Repeat the records below exactly from the line containing "Antique Turkish Bergamo" to the line containing "Pet Ornament SVG", taking in both of those lines. Drop the pictures.

Records contained in a dataset
● ● ● ● ● ● ●
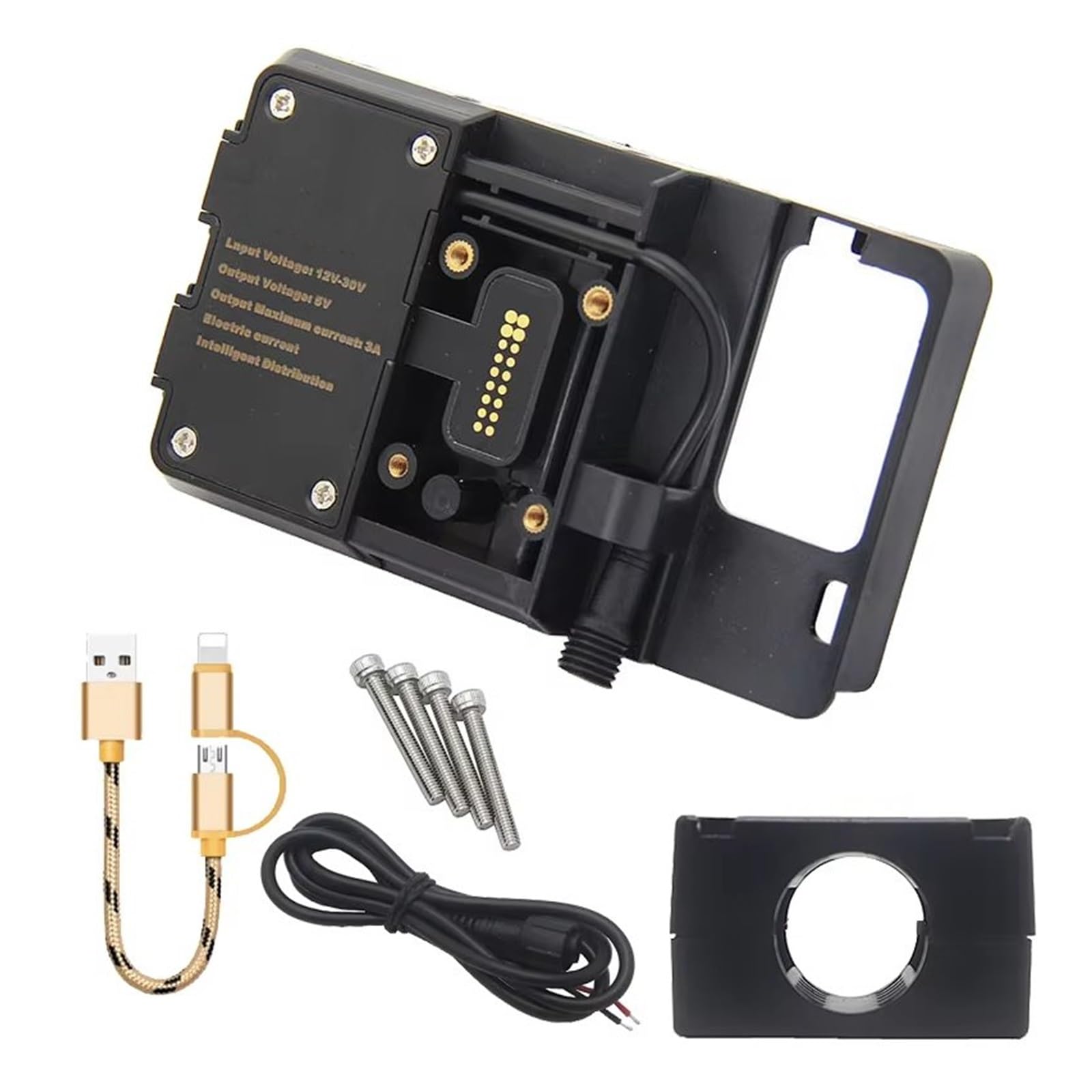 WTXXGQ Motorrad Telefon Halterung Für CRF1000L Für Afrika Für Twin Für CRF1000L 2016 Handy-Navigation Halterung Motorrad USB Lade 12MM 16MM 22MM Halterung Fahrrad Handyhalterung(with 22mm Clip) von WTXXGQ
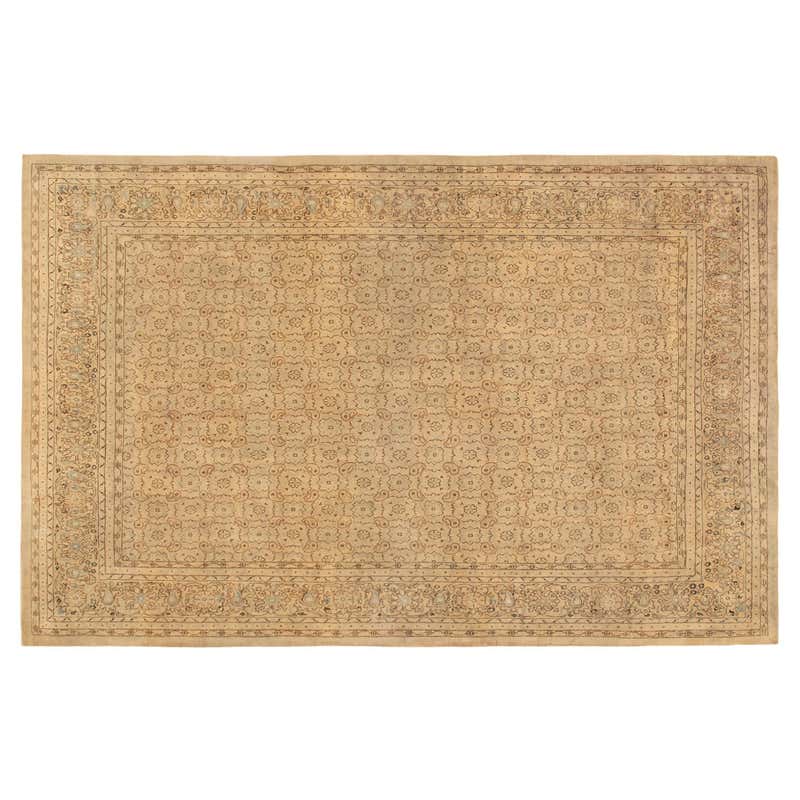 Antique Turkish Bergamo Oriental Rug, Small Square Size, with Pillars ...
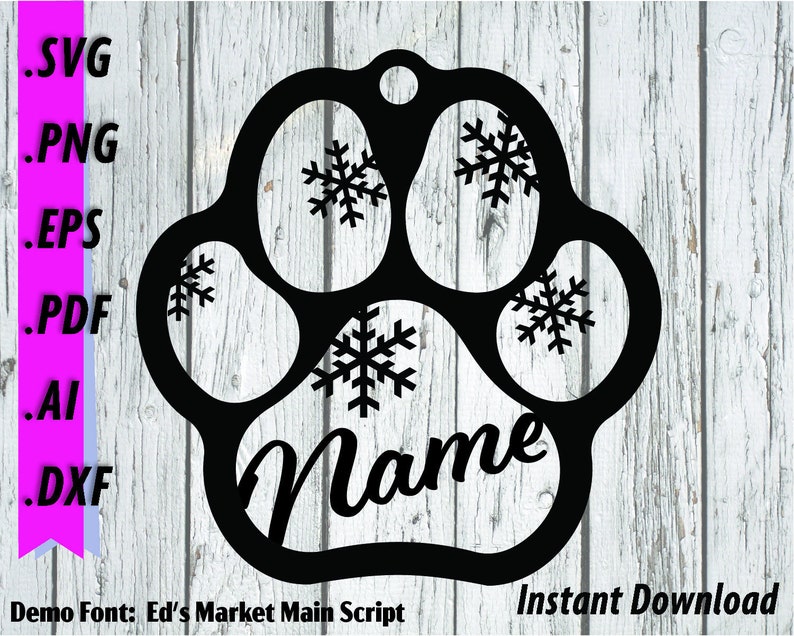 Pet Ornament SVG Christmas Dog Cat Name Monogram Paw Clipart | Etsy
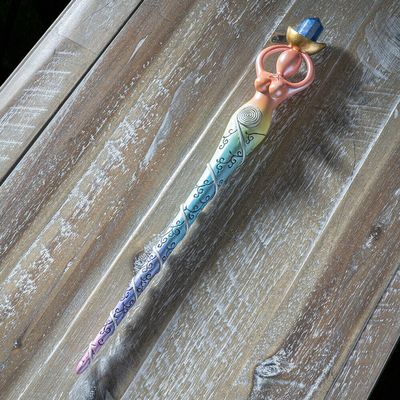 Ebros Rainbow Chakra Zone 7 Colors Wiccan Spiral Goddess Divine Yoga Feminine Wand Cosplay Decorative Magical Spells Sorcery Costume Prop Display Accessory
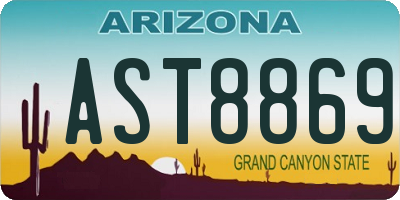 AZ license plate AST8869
● ● ● ● ● ● ●
## [Answer below]
 Antique Turkish Bergamo Oriental Rug, Small Square Size, with Pillars ...
 Pet Ornament SVG Christmas Dog Cat Name Monogram Paw Clipart | Etsy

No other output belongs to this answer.